Modified urine output.... Using frusemide.
  • No evidence that diuretics can alter outcome, but there is a signal that if people are passing urine then they have a better outcome compared to those who are not.
  • CCM paper this year...frusemide stress test to predict severity of AKI. IV frusemide was given. Patients that responded to frusemide had a higher rate of recovery. Probably tells us that the tubules are still working (the frusemide needs to be transported across the tubules).

Urinary electrolytes
  • Fractional excretion of sodium test. Is supposed to differentiate between pre-renal failure and ATN. Many exceptions may it pretty useless in the ICU e.g. timing. CCM paper (Darmon) dismisses it.
  • Fractional excretion of urea is similarly useless...

Urinanalysis
Can sometimes be useful, e.g. GN (casts), porphyria, rhabdomyolysis


Conclusion
  1. Urinalysis isn't that helpful
  2. Volume balance is important

Biomarkers for AKI – Dr J Prowle, UK

We are unable to risk stratify patients as we can't recognise AKI early and the treatment or intervention we need to do needs to be done early for it to be effective. Therefore, we need to develop better predictive markers of AKI.

Ideal marker would
  • Enable risk stratification for the likelihood of AKI but is biochemical AKI the right measurement?
  • Prognosticate
  • Provide the earliest possible diagnosis
  • Reliably distinguish tubular and pre renal causes
  • Identify sub-clinical injury if it exists

Creatinine is a poor marker of renal impairment. We need better biomarkers. Some are in the blood, some in the urine. Some are established e.g. Cystatin 3 and beta2microglobulin. Other novel ones such as NGAL

NGAL
  • Seems to be significantly upregulated in the kidney in ischaemic conditions.
  • Source of NGAL - produced in the distal nephron.
  • The AUC was good in Paeds cardiac patients (0.98) but is only 0.7 in ICU patients. Is not very useful in chronic kidney disease.
  • Urinary NGAL may be useful as a triage tool in ED.
  • What about high NGAL and normal creatinine? May have sub clinical AKI. Not really sure what the significance of this is.

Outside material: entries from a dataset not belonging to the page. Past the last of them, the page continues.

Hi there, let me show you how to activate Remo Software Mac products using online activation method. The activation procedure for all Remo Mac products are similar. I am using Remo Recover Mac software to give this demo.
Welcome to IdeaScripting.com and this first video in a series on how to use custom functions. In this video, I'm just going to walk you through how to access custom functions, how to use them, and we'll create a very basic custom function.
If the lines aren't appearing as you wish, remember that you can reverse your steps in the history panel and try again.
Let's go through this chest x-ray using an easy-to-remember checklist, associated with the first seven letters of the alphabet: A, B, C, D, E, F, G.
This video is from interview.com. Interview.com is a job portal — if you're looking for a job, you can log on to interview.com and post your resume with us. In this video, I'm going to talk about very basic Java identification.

Procalitonin levels have been shown to be related to development of AKI.

Kashani, in critical care 2013 17-R25 identifies 2 biomarkers that could predict the development of AKI, even multiplied them together to improve the detection. AUC was above 0.8. Choice if threshold is difficult. Likely to be marketed with the choice of two thresholds. These biomarkers are associated with G1cell cycle arrest and appear therefore to be linked to the development of cellular injury.

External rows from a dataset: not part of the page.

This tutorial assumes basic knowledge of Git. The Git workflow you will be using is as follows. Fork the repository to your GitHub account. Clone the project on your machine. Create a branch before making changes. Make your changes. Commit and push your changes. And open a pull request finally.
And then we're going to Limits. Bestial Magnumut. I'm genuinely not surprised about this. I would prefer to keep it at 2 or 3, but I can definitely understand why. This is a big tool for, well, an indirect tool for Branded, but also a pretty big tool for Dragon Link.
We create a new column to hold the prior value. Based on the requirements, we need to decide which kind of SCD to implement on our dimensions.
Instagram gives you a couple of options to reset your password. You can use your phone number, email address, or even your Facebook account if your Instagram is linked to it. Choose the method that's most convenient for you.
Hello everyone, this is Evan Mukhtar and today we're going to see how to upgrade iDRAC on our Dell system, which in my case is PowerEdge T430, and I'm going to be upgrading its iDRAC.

What do we do with biomarkers results?? We probably need to gather more evidence. the "treatment" is largely supportive care and preventing secondary injury, but we do this anyway... Maybe better to use them to triage or de-escalate care.

How best to prolong extra-corporeal circuit lifespan – Dr M Ostermann, UK

Why does the filter clot?
  1. Haemoconcentration
  2. Thrombogenic clot surface
  3. Exposure of blood to air (ie in drip chamber)
  4. Risk factors (e.g. SIRS, filter size, hypercoagulable patient, lipid infusions - some are modifiable)

We could manipulate the following...
Haemodilution:
Pre-dilution associated with a longer circuit life, at expense of reduced clearance
Membranes: No good RCTs comparing different membranes with regards to circuit life
Choice of modality: Suggestion that CVVHF is associated with more clotting, but poor evidence
Anticoagulation
Heparin: LMWH vs heparin - no evidence
Prostacyclin:
- Weak anticoagulant
- Limited number of studies. Alone, it is inferior to it being combined with heparin, but is an alternative to people who can't have heparin
Others (eg argatroban, anti thrombin, fondaparinux): No real evidence
Regional anti coagulation - Citrate, heparin/protamine

Citrate: More popular than heparin/protamine for regional anticoagulation
- Binds calcium, thereby inhibiting the clotting cascade at multiple steps. Calcium needs to be added back to the blood as it goes back to the patient. Citrate is eliminated as the blood flows through the filter. About 50% of the citrate goes back into patient
s systemic circulation, slots into Krebs cycle and gets metabolised to bicarbonate, can be quite useful in patients with renal failure
- Does it work to keep the membranes patent? Six RCTs have been done
. Largest one = crit care medicine. 2009(37):545, Helene et al. No change in filter lifespan. Equally efficacious, but citrate was safer.
-
Two meta-analyses have been done
- Wu et al Am J Kid disease 2012;59. Some RCTs show increased circuit survival... Suggested a trend in the direction of citrate, but undoubtedly, citrate was safer in terms of bleeding risk.
- Different analysis by Zhang et al 2012 ICM. They differed in final conclusion about lifespan but agreed citrate was safer.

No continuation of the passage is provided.